Give the listing again word for word. Skip the pictures.
*** Raw data Section Begins ***
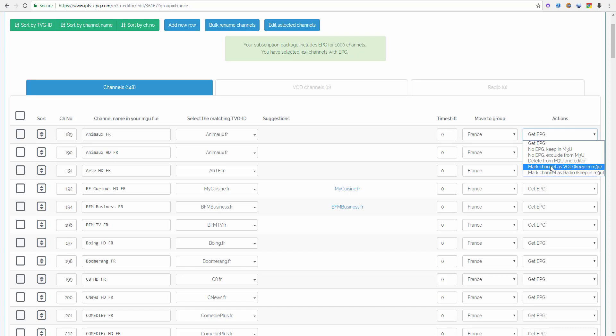There is the setting mark channel as radio and keep in M3U. Some people have radio channels in their M3U files. These channels should be marked as radio because the players will handle them differently and you don't want to mix your radio channels with your TV channels. So please pay attention to these settings.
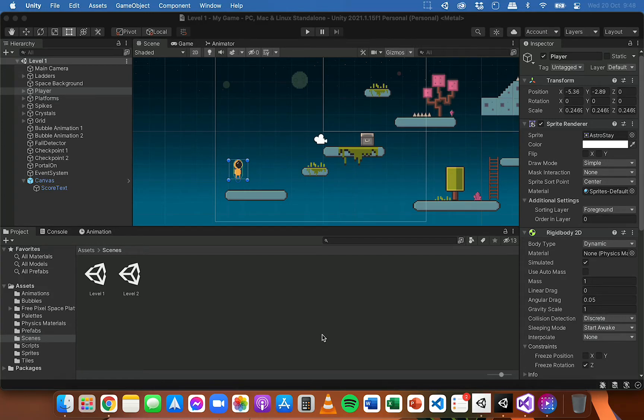In this video I'm going to show you how to set up a health system and a health bar in a 2D game with Unity.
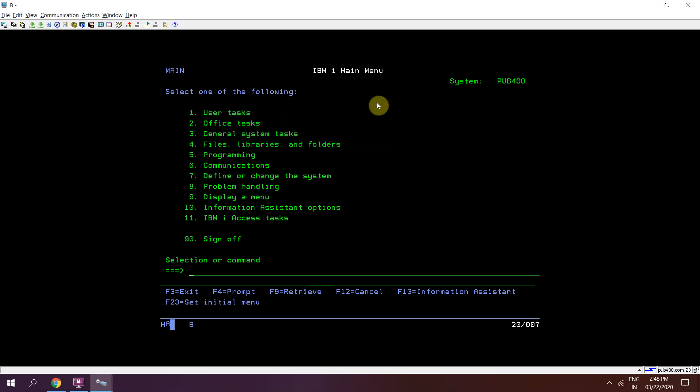Welcome to IBM iClasses. Today in this video session we will be discussing how we can print a job log using SQL. IBM has provided us one SQL procedure.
*** Raw data Section Ends ***
# Written response
There is the setting mark channel as radio and keep in M3U. Some people have radio channels in their M3U files. These channels should be marked as radio because the players will handle them differently and you don't want to mix your radio channels with your TV channels. So please pay attention to these settings.
In this video I'm going to show you how to set up a health system and a health bar in a 2D game with Unity.
Welcome to IBM iClasses. Today in this video session we will be discussing how we can print a job log using SQL. IBM has provided us one SQL procedure.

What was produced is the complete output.